The caution shown by consumers, the different spending, the high savings, high level of bank deposits, the injection of equity into home mortgages, instead of monetising it via home equity and margin loans to consumer or buy shares, gives the RBA room to cut once, perhaps twice in the next four or five months. The bank won’t cut to offset the impact of the carbon tax, which remains a big unknown and could see just one rate reduction ahead of July 1.
More analysts and economists reckon the economy isn’t doing well (“East coast recession” is how Goldman Sachs describes it). Rates are cut for the whole economy, not just sectors or regions. The bad debts and profit downgrades from Stockland, QR National and Bank of Queensland suggest that Queensland remains a problem area because of the property slump and the big wet of 2011-12.
The 3.6% or so fall in the value of the Aussie dollar against the greenback in March is another factor the bank will watch: it sees the dollar as weakening because of the falling terms of trade (down 4.7% in the December quarter), and heading for another fall in the March quarter. That will ease a bit of pressure on manufacturing and tourism, which are holding up surprisingly well.
The March 6 meeting minutes finished with these paragraphs:
“Members were also alert to the uncertainties inherent in assessing the response of the domestic economy to the disparate forces at work, including the very large rise in resources investment and the high exchange rate.

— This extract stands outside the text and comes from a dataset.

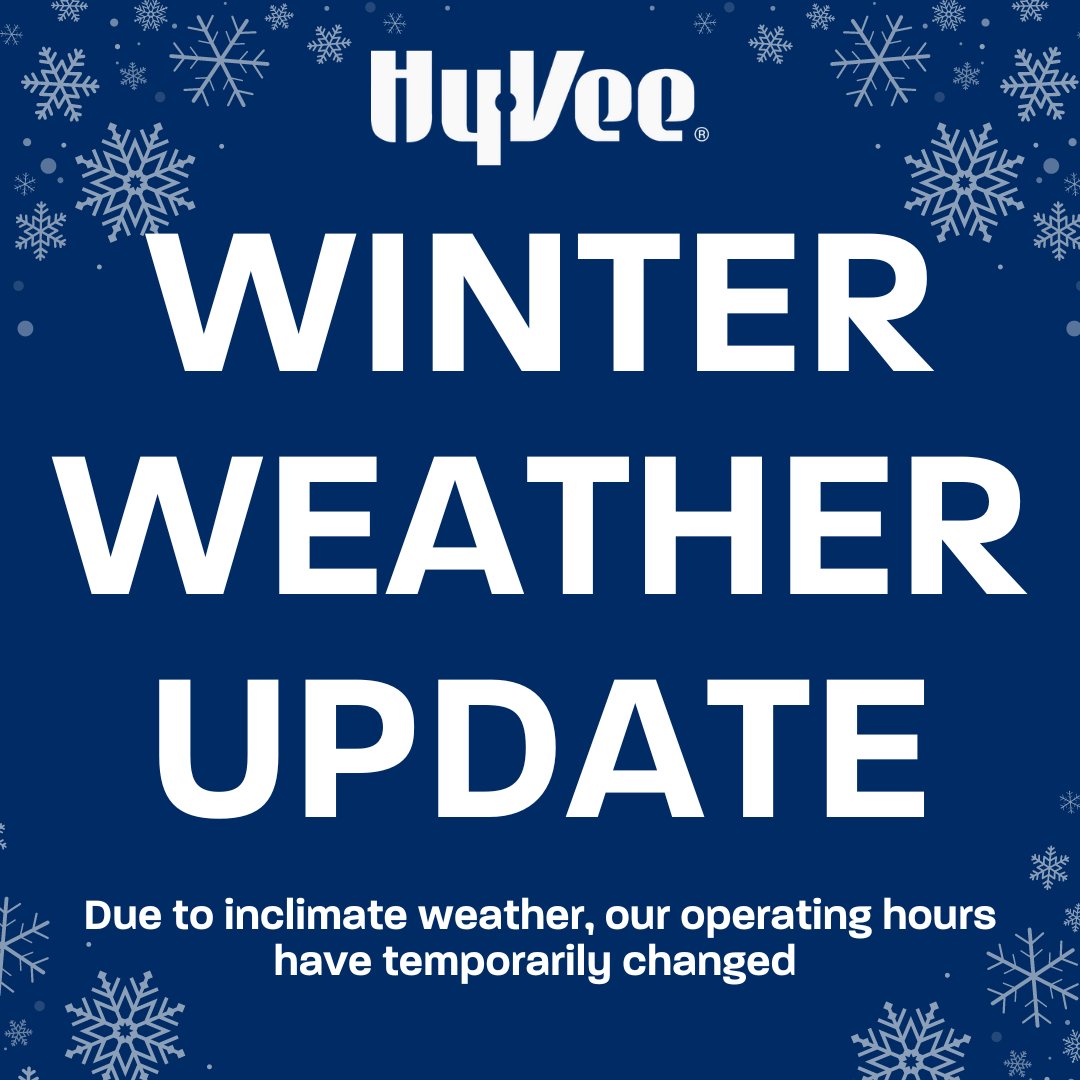 Your Peony Park Hy-Vee will be closing the following departments early tonight due to Weather:
- Floral and Bakery closing at 3pm
- Food Service and Deli closing at 6pm
- Meat and Seafood closing at 7pm 
We apologize for any inconvenience this may cause.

To date, the unemployment rate had remained at a low level and inflation broadly consistent with the medium-term target.
“On balance, the board considered that it was appropriate for interest rates to be around their average levels, which was judged to be the case at present. The board would continue to monitor both how the global economy evolved and the course of domestic economic activity and prices.
“Average rates means a neutral monetary policy stance, but not ‘accommodative’; (another word favoured by economists in these circumstances). It all comes down to how the bank judges the domestic economy.